Описывая в одном из своих рассказов неаполитанца, который ест спагетти на поминках у родственника, Маротта говорит об этом так: «Бело в его тарелке, бело в его душе… он начинает есть и вместе со спагетти ест и поле, где выросла для них пшеница, и солнце, которое дало ей силу, и ветер, который терпеливо ее расчесывал, и даже то ведро в котором свернулось неуступчивое молоко, превращаясь в сыр; зрелище смерти необычайно обостряет чувства, и о том, что гроб — это тоже дерево, такое же дерево, из которого сделана скамеечка доярки, несчастный дон Кармине догадается либо сегодня, либо не догадается уже никогда».
Маротта догадался об этом с самого начала и никогда не забывал. Может быть, действительно потому, что чувства у него всегда были обострены. Порою кажется, что он пишет как в жару, когда человеку все представляется больше, громче, ярче, чем оно есть на самом деле.
От пронзительного голоса, который когда-то довелось услышать Маротте, «дребезжали стеклянные колпаки на статуэтках святых, сбивались с нормального хода швейные машинки, рвались резинки в штанах, от него мутнело вино в бочках остерий и на столах лопались бутылки». Вот какой это был голос!
А описывая знаменитый своей преступностью неаполитанский район Фонтанелле, Маротта сгущает краски таким образом: «Нечаянно залетевший туда ветер, ломая руки, тут же бросается прочь; колеса случайно забредшей туда шарманки тут же покрываются какой-то подозрительной красной коростой; а все песенки, все танцевальные ритмы Фонтанелле — прислушайтесь! — да это же оставшиеся в живых свидетели преступления!»

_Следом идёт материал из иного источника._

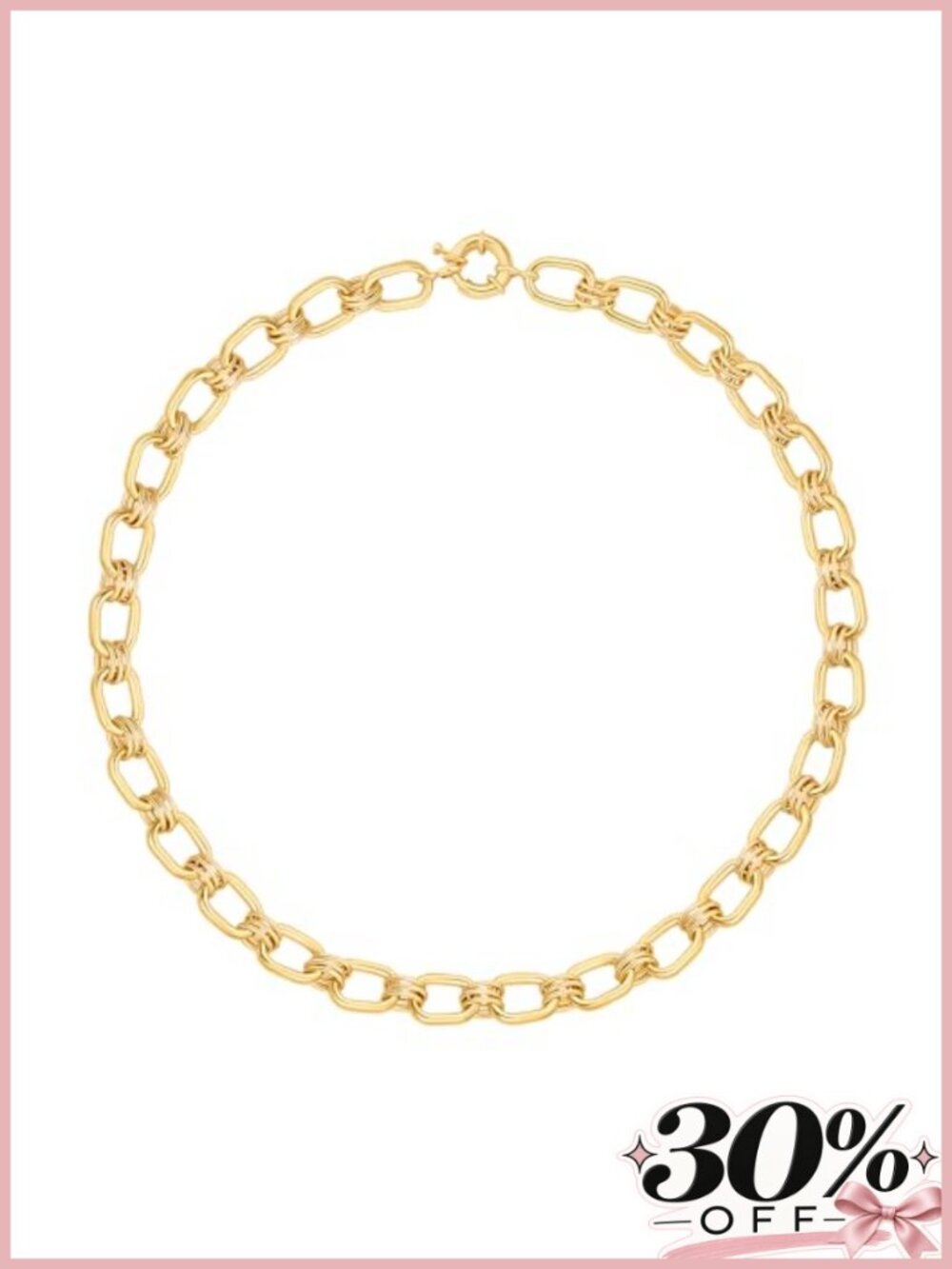 18K Gold Plated Paperclip Chain Choker Pearl Pendant Necklace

В этих преувеличенных лихорадочных описаниях обыденность приобретает вид необыденности, мир под пером Маротты последовательно становится смешным, небывало прекрасным, страшным, гротескным, странным, обнажающим вдруг второй план реальности, обычно скрытый за первым.
Вот, например, пляж, а на нем женщины, которые вяжут. Они вяжут и вяжут, вяжут целую вечность, они старые и перед ними море, море старое, как вечность. И, вздрогнув, мы вдруг видим, как возникает эта вечность под пером Маротты: «Эти молчаливые женщины, которые работают крючком, поднимая головы через равные промежутки времени (как пловцы, которые через каждые три рывка поднимают головы, чтобы глотнуть воздуха), они никогда не уйдут отсюда или уйдут вместе с морем: так и будут покачиваться среди волн на своих раскладных стульчиках с нитью сирокко, растянутой между растопыренными локтями».

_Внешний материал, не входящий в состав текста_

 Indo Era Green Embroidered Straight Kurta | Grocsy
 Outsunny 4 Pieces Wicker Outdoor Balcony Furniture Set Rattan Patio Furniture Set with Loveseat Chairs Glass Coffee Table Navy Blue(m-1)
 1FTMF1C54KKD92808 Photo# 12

Этот странный, этот, как писали раньше, «чудный» мир, он, в сущности, тот же самый, с которого писали свои портреты неореалисты. Но Маротта, не изменяя ему, проникает в него дальше и глубже. «Ему, — пишет итальянский критик, — нужно было изменить какую-то малость, чтобы стать просто реалистом. Но он предпочел быть проникнутым религиозным чувством наблюдателем жизни, ее тонким, хотя и простодушным летописцем».[6]
Это замечание о религиозности сознания Маротты очень существенно. Ибо именно распахивая в бесконечность наш ближний, такой простой и непритязательный мир, он делал его частью мироздания, наделенной, как и все мироздание, каким-то непостижимым, но несомненным смыслом.

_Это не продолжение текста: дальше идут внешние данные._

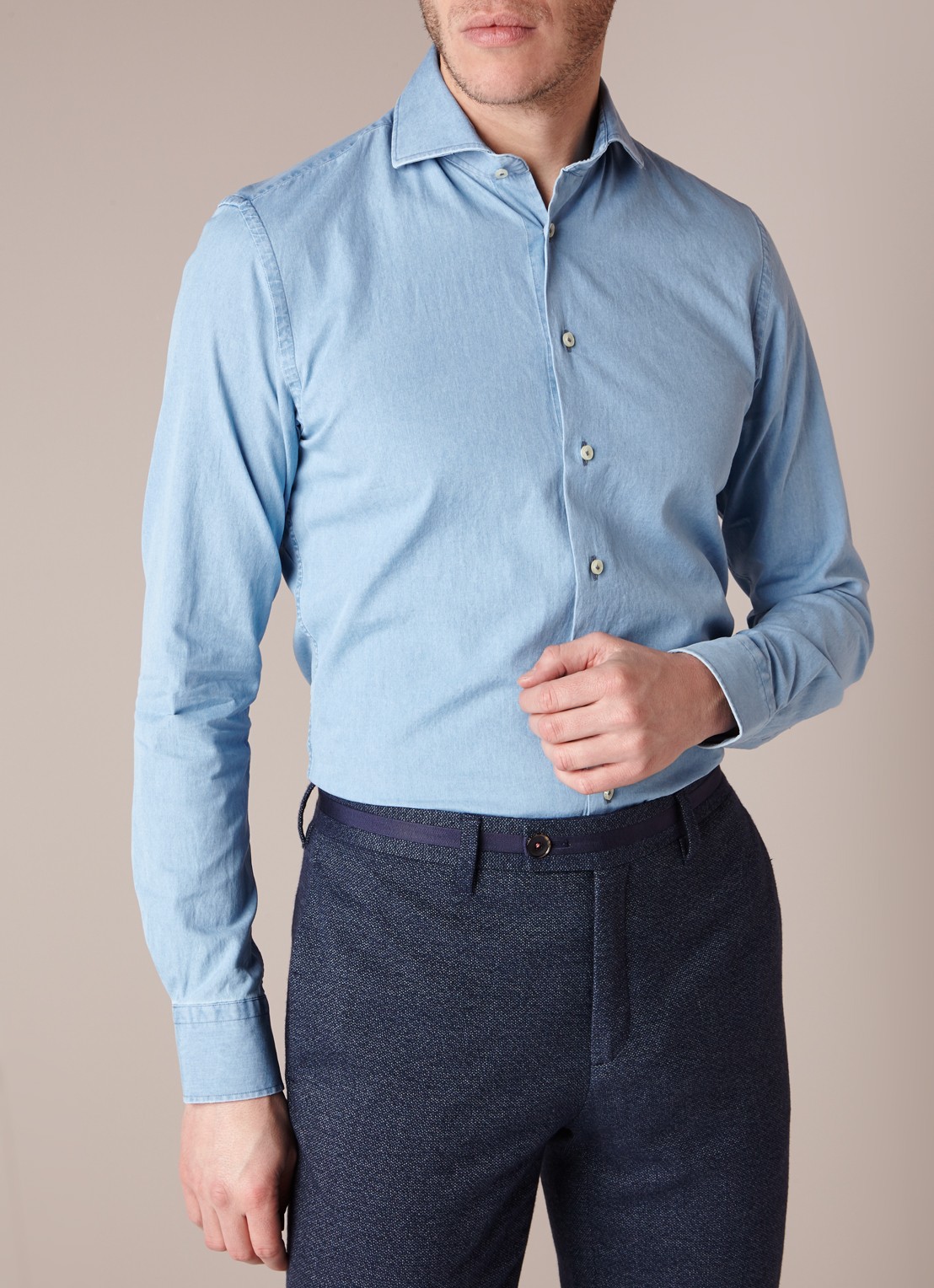 Profuomo Slim fit overhemd met denim look - detail 3 indigo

Эта распахнутость в бесконечность, это непременное и действенное присутствие «дальней перспективы» превращает дробный мир коротеньких рассказов Маротты в единое, внутренне организованное огромное полотно — в такое же полотно, в которое складываются, в сущности, все фильмы Феллини.
Эта особенность Маротты, непременно соотносящего часть — не часть даже, частицу — с огромным целым, ясно проступает и в том, как организует он материал своих рассказов.
Ни герои, ни перипетии сюжетов, как правило, не бывают у него «в фокусе». Что касается героев, то мы никогда не имеем у него дела с характерами, с многомерными «образами» — у него есть только «лица», очень яркие, сразу говорящие «за себя» и «за все», и этого оказывается достаточно, как оказывается этого достаточно Феллини, у которого тоже всегда действуют только «лица». И перипетии сюжета тоже всегда поставлены у Маротты на место, то есть на второстепенное место, которое им и положено, если учесть, что они всего лишь часть другого, огромного, непостижимого сюжета.